OpenAI Just Released a Privacy Filter – Here’s How It Works and How to Use It

On April 22, 2026, OpenAI released an open-source tool called the OpenAI Privacy Filter. It automatically detects and masks personally identifiable information (PII) in documents—things like names, email addresses, phone numbers, and other sensitive data. The tool is designed to help people clean up documents before sharing them or using them with AI services. It’s available on GitHub, can run locally on your own machine, and doesn’t require sending your data to OpenAI’s servers.

What the Privacy Filter Does

The filter works by running documents through a fine-tuned language model that identifies pieces of text that look like personal information. When it finds something—say, an email address or a full name—it replaces that text with a placeholder like [NAME] or [EMAIL]. The output is a redacted version of the document. You can use it on plain text, but OpenAI also documented ways to process files like PDFs or Word documents by extracting text first.

The model itself is small enough to run locally and is open source, meaning anyone can inspect, modify, or adapt it. This is a notable shift from the usual “API only” approach. You don’t need to connect to the internet or pay for usage to apply the filter.

Why It Matters

Privacy concerns around AI tools have grown over the past few years. People often paste sensitive documents into chatbots or upload files to cloud-based services without knowing exactly how that data is handled. Even if a company promises not to train on your data, there’s still the risk of exposure through bugs, leaks, or shared screens. The Privacy Filter gives users a way to remove PII before the document ever reaches an external service. Small business owners handling customer data, researchers sharing patient notes, or anyone writing contracts can use it to reduce the blast radius if something goes wrong.
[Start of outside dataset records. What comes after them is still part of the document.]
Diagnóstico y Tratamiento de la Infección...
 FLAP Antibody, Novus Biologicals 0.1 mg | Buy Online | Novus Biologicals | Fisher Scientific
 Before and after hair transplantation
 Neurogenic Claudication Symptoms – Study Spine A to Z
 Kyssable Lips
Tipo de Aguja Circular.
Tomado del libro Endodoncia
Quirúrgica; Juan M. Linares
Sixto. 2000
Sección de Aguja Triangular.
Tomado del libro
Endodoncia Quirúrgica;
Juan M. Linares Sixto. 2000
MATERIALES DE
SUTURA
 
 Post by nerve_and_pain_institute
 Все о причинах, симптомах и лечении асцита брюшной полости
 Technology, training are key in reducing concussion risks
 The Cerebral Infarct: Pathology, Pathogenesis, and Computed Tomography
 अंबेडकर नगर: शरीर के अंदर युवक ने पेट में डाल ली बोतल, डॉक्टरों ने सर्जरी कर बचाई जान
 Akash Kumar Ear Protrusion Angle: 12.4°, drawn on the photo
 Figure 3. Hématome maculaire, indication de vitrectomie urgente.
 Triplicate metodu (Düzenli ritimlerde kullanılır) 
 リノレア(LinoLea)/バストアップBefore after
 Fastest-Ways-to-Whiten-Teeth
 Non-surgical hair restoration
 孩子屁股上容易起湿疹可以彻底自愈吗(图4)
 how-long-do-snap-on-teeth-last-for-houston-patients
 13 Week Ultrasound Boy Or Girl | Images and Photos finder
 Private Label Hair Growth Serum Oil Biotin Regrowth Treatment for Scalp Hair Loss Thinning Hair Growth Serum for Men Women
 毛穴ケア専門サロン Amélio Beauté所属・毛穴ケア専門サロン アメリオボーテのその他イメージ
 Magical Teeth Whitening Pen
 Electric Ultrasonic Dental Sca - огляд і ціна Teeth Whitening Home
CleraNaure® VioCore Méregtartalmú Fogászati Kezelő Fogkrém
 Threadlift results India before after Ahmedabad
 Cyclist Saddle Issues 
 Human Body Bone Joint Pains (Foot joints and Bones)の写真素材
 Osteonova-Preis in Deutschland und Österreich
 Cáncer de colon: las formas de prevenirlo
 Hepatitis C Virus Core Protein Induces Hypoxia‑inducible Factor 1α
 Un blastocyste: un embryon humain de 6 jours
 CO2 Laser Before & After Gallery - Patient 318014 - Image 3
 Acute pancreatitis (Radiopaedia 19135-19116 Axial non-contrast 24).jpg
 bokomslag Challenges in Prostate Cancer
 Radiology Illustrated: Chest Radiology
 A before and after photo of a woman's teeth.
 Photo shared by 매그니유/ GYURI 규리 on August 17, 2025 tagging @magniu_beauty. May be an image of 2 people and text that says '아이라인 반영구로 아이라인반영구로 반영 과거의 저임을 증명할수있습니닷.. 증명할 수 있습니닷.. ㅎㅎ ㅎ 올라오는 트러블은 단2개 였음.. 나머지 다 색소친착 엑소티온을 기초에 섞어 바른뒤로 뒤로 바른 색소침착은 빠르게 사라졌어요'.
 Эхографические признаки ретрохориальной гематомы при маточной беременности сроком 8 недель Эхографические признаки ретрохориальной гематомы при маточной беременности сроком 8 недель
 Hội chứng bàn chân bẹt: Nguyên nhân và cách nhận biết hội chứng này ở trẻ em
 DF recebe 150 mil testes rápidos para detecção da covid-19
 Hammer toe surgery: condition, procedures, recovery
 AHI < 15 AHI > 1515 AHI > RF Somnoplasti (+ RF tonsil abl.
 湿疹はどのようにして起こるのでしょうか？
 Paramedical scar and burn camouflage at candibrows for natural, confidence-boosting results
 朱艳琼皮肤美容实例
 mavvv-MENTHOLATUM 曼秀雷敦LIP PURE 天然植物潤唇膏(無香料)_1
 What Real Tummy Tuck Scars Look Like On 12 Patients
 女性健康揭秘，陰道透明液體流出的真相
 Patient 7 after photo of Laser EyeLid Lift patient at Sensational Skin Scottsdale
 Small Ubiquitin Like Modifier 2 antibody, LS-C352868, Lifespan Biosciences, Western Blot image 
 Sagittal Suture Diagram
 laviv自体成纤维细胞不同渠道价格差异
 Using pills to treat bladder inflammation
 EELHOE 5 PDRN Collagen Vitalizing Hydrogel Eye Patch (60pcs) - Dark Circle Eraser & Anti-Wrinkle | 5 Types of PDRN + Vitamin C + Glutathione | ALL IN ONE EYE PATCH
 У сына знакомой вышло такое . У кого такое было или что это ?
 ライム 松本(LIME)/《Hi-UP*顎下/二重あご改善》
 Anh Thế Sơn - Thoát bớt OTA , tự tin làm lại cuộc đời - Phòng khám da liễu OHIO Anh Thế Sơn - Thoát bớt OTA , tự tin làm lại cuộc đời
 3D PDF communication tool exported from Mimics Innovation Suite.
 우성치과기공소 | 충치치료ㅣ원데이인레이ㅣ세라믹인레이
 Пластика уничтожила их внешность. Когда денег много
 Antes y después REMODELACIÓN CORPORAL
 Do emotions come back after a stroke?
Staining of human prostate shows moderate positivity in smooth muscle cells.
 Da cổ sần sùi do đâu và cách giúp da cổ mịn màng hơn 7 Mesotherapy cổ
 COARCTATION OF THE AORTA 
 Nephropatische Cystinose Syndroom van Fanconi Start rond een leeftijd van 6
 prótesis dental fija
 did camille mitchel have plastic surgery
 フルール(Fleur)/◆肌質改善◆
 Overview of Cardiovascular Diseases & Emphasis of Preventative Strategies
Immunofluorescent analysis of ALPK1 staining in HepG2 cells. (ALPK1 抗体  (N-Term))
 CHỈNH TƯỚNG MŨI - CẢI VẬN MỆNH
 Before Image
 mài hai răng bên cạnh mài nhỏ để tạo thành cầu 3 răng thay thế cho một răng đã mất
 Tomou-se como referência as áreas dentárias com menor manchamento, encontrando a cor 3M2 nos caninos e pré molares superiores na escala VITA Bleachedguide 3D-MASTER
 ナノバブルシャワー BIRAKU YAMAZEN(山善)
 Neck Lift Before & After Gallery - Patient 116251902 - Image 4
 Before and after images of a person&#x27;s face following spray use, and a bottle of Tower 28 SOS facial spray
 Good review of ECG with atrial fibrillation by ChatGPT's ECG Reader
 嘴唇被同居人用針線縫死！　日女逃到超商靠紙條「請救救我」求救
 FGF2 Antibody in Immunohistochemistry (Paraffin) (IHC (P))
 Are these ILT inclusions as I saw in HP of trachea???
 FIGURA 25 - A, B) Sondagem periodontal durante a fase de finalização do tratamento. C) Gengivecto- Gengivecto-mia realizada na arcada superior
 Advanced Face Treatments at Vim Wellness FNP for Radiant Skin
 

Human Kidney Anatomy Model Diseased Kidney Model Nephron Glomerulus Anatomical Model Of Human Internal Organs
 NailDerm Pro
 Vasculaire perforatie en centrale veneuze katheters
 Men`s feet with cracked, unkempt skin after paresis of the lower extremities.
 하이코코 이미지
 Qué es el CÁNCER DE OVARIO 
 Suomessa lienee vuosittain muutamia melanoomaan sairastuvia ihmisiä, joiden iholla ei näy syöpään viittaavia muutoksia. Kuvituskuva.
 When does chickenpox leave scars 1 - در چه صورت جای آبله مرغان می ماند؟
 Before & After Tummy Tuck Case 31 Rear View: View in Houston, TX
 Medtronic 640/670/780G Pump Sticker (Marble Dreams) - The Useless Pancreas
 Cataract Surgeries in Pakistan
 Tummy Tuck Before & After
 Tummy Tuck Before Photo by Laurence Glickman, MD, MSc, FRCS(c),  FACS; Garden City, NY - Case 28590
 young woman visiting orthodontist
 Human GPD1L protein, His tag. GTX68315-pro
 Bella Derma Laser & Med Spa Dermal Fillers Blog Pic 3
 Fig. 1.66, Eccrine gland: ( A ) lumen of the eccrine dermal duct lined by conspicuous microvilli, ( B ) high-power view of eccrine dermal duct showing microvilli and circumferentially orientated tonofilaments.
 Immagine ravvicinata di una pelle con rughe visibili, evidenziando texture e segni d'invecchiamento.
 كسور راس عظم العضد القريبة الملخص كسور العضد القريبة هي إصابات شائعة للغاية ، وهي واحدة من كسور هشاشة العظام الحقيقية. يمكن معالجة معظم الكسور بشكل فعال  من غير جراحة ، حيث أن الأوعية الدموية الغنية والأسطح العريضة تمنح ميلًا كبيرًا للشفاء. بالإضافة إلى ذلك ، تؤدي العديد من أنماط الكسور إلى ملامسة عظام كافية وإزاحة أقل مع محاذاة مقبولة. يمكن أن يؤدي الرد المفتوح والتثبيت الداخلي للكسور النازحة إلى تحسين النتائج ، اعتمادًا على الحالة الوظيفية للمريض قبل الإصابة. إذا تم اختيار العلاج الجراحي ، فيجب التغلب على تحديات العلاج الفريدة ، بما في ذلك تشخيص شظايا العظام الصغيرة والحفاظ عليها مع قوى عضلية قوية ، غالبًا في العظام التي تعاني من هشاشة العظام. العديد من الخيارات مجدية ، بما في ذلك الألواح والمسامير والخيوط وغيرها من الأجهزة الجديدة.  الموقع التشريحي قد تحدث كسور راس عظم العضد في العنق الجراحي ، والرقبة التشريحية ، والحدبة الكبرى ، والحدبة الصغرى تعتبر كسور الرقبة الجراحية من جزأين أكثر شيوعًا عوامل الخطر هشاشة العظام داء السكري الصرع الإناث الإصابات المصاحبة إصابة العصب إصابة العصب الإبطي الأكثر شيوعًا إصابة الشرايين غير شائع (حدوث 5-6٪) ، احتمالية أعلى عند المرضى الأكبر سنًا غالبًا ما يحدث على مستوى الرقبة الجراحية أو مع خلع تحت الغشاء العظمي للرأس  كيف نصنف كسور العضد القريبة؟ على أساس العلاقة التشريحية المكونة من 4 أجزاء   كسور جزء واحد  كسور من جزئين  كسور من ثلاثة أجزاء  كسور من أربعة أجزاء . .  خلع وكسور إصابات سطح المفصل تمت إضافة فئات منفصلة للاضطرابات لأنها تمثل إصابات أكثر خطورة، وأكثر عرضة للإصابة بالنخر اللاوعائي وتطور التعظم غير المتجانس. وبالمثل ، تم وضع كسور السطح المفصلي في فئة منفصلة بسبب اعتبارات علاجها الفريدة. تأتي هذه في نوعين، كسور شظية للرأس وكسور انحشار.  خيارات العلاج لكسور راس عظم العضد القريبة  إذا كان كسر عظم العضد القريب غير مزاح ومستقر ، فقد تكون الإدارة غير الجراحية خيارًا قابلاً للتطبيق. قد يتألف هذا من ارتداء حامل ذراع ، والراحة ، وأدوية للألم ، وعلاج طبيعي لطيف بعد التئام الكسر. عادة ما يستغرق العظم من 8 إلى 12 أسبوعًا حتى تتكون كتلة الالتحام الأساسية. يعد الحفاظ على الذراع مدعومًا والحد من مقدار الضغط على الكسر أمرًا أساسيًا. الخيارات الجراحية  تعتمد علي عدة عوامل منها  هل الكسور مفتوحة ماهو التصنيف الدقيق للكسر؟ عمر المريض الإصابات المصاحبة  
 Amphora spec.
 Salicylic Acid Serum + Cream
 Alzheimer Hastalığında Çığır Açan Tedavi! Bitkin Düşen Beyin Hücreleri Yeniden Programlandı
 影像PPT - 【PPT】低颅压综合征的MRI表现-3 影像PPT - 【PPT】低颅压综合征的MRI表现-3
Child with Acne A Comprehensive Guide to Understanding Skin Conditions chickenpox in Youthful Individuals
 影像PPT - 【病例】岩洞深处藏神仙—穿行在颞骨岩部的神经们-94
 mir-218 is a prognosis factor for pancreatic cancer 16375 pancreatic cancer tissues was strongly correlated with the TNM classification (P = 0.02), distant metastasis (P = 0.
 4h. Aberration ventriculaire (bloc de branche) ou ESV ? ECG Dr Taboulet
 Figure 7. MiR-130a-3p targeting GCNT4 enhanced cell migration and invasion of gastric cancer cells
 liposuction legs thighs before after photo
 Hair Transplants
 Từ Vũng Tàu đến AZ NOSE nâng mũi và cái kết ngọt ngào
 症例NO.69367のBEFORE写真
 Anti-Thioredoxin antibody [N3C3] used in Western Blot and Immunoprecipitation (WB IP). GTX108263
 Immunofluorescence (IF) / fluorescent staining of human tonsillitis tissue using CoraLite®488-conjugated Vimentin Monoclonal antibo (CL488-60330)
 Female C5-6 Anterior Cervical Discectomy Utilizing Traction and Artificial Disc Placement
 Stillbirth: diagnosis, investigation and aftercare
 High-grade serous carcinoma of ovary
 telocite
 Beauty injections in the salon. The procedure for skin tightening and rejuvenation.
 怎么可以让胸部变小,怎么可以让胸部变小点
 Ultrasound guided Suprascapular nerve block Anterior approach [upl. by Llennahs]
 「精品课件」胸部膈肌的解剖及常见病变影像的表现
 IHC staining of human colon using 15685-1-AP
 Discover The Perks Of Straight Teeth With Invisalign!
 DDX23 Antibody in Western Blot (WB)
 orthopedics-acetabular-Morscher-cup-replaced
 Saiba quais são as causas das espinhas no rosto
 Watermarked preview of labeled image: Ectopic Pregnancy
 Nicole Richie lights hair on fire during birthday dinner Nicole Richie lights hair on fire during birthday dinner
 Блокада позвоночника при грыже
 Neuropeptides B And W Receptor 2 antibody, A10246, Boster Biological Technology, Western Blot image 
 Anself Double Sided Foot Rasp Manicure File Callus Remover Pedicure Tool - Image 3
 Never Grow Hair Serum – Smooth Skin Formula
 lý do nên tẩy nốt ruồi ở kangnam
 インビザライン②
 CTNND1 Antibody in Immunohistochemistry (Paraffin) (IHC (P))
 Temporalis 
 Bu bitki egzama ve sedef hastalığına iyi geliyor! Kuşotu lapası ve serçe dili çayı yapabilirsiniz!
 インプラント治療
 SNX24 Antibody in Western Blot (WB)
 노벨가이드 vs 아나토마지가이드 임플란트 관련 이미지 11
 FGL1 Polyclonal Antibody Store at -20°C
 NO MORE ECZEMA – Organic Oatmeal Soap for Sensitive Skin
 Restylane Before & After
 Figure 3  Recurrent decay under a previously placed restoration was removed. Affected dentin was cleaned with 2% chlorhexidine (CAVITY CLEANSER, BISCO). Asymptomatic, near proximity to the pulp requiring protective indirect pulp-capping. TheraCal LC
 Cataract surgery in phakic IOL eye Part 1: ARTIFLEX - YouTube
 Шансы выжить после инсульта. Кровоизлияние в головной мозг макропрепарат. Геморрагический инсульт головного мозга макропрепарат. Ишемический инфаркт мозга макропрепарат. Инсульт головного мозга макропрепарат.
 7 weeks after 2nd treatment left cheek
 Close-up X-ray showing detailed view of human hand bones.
This isn’t a replacement for proper data governance, but it’s a practical layer of protection that puts control back in the user’s hands. And because it’s open source, it can be audited by security researchers and adapted for specific needs.

How to Use It

The simplest way to use the Privacy Filter is to download it from OpenAI’s GitHub repository. You’ll need Python and a few dependencies, but the instructions are straightforward. Once installed, you run it as a command-line tool:

openai-privacy-filter input.txt --output redacted.txt

The tool also supports chunking long documents and batch processing multiple files. If you’re a developer, you can integrate the filter into your own application via the provided Python library or a local API—no cloud calls required. OpenAI has also published example integrations for common workflows like processing CSV files and emails.

For non-technical users, third-party tools might package the filter into graphical applications in the coming weeks, but for now, basic command-line familiarity is needed.

Limitations

Like any automated tool, the Privacy Filter isn’t perfect. It may miss some forms of PII, particularly unusual formats or data written in context that the model wasn’t trained on. It can also over-redact, marking things that aren’t actually personal information. OpenAI itself advises that you should always review the redacted output before sharing it. The tool is a helper, not a guarantee.

Additionally, the filter only handles text-based documents. Images, scanned PDFs, or handwriting are out of scope unless the text is first extracted. And because it runs locally, its speed depends on your machine’s hardware.

Sources

This article draws on OpenAI’s official announcement (April 22, 2026) and coverage by MSN and GIGAZINE. The full code and documentation are available on OpenAI’s GitHub page. If you’re interested in the technical details, the model weights and a paper describing the filtering approach are also published there.